Exercise:
Write out the listing, please, but only from its first line through the line containing "Statue of St.", exactly as given and without pictures.
*** Opening Data to process ***
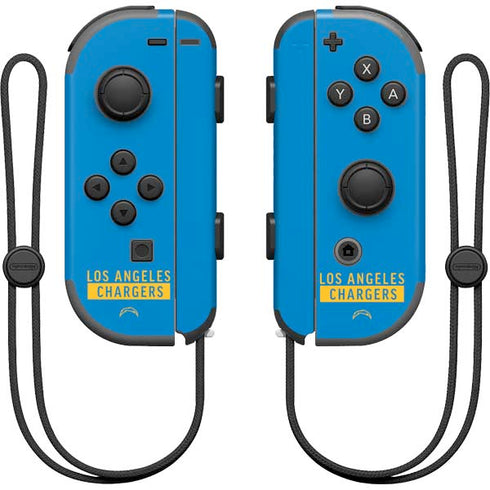 NFL Los Angeles Chargers Blue Performance Series Nintendo Skins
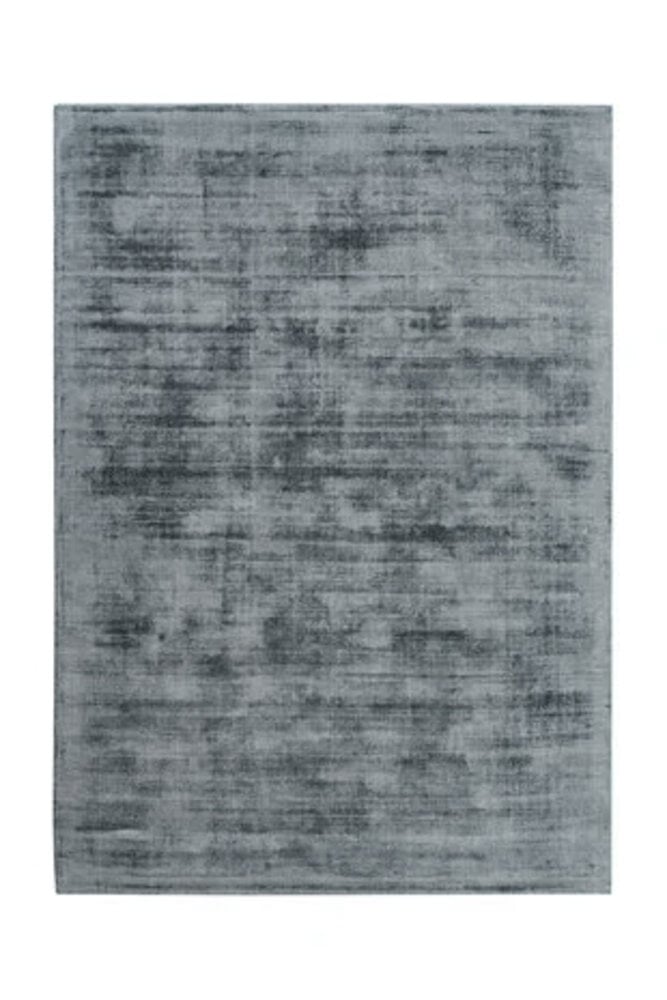 Flycarpets Lumbini Effen Viscose Zilver Vloerkleed - Handgeweven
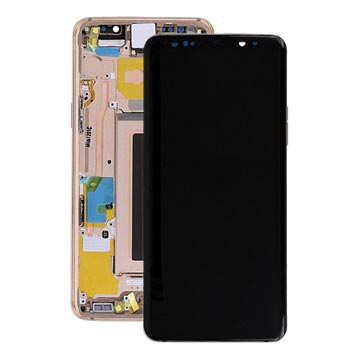 Samsung Galaxy S9 Voorzijde Cover & LCD Display GH97-21696E - Goud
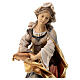 Statue of St. Julia of Corsica with a pigeon in painted wood from Val Gardena s4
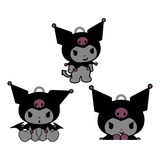 Llavero Souvenir Sanrio / Hello Kitty / Kuromi 3d X 25u 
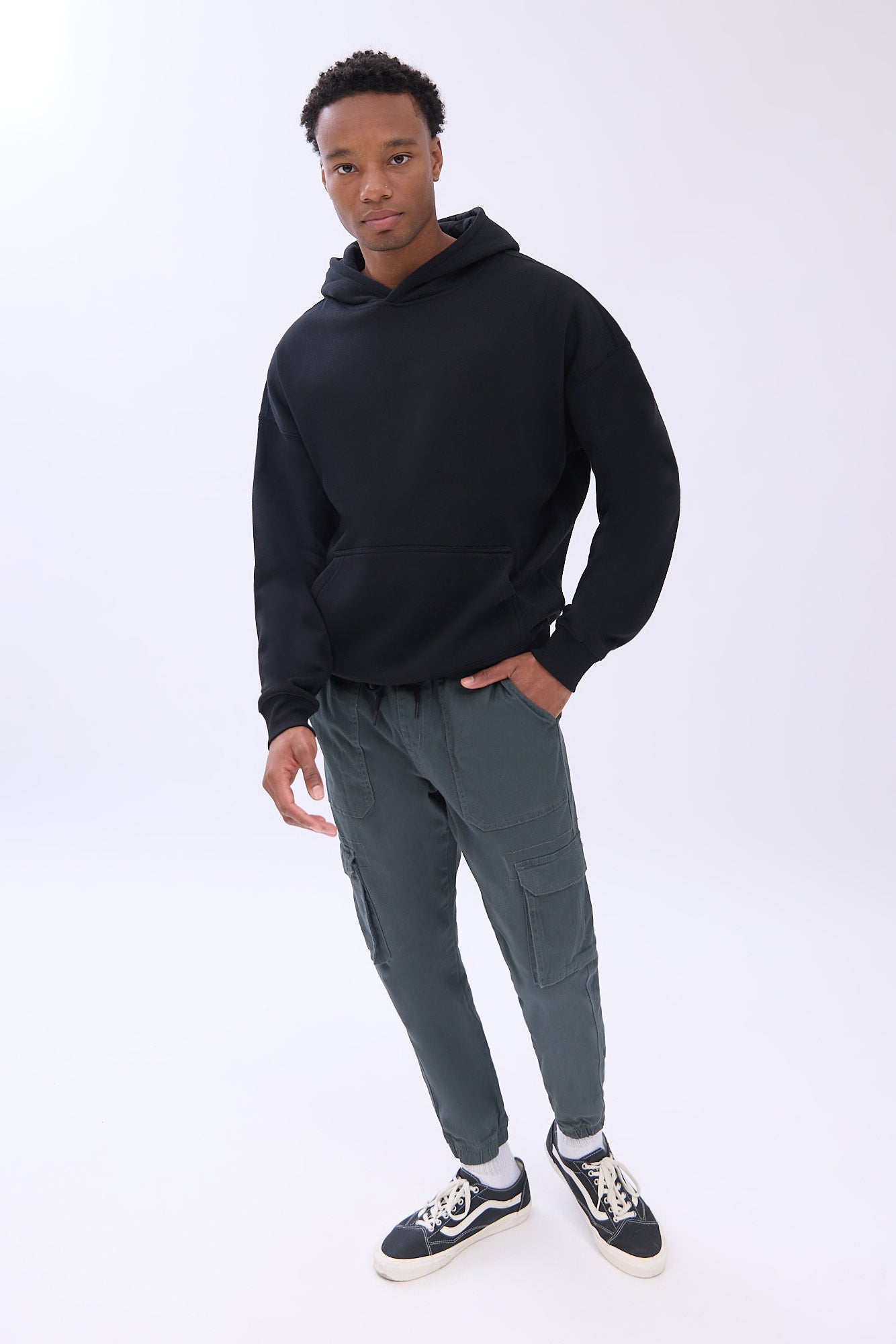 Relaxed Workwear Twill Jogger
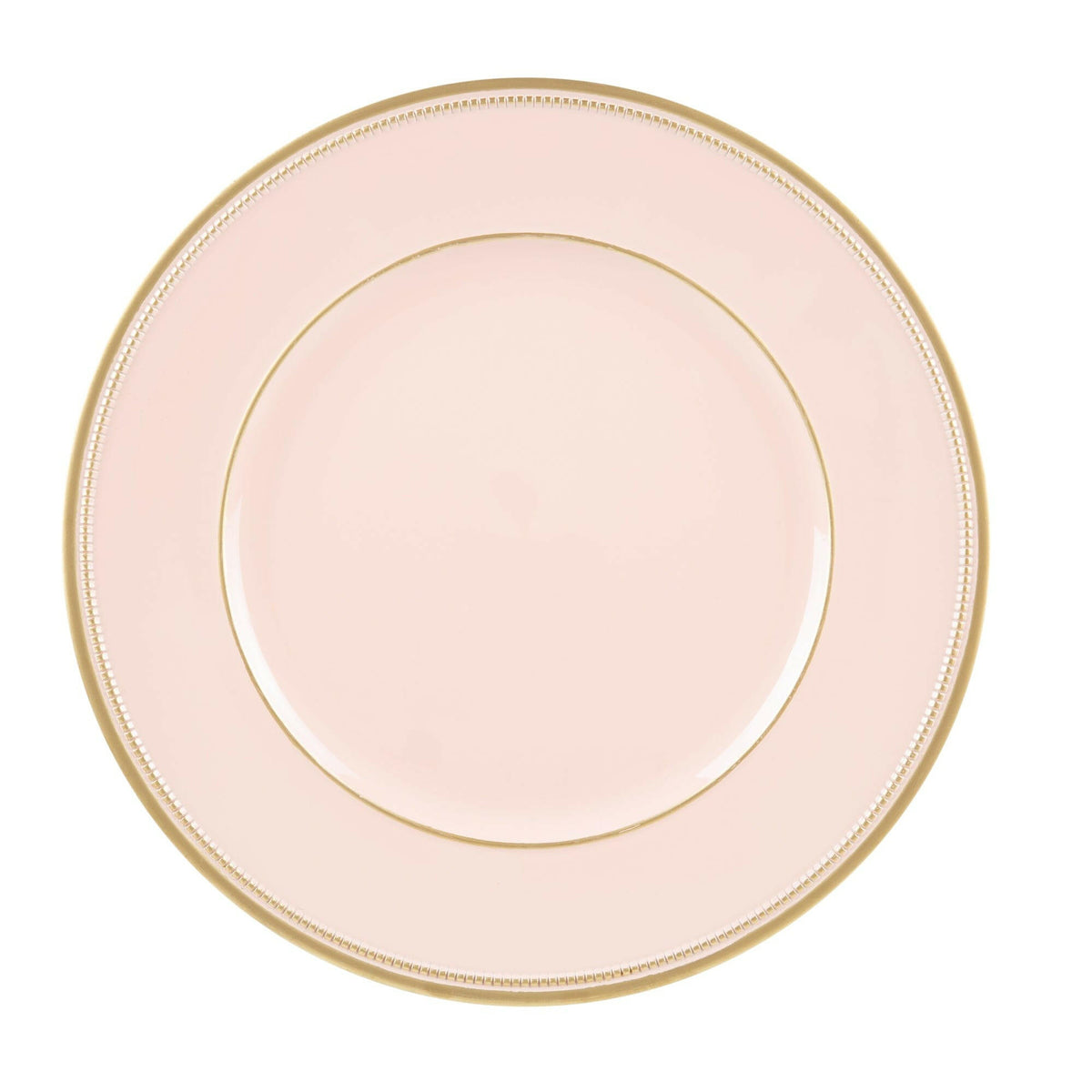 Set of 4 pink Plastic under plate 33cm.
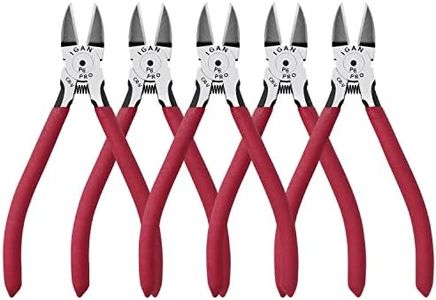 IGAN-P6 Wire Flush Cutters (Pack of 5), 6-inch Ultra Sharp and Powerful Side Cutter Clippers, Ideal Wire Snips for Handmade and Any Clean Cut Needs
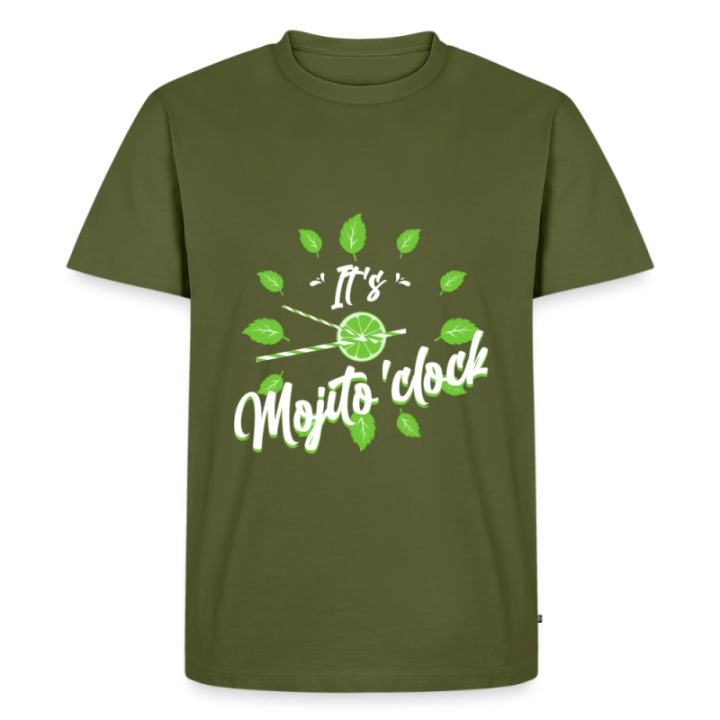 T-shirt premium homme - It's mojito'clock - kaki - front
*** Closing Data to process ***
Response box:
 NFL Los Angeles Chargers Blue Performance Series Nintendo Skins
 Flycarpets Lumbini Effen Viscose Zilver Vloerkleed - Handgeweven
 Samsung Galaxy S9 Voorzijde Cover & LCD Display GH97-21696E - Goud
 Statue of St. Julia of Corsica with a pigeon in painted wood from Val Gardena s4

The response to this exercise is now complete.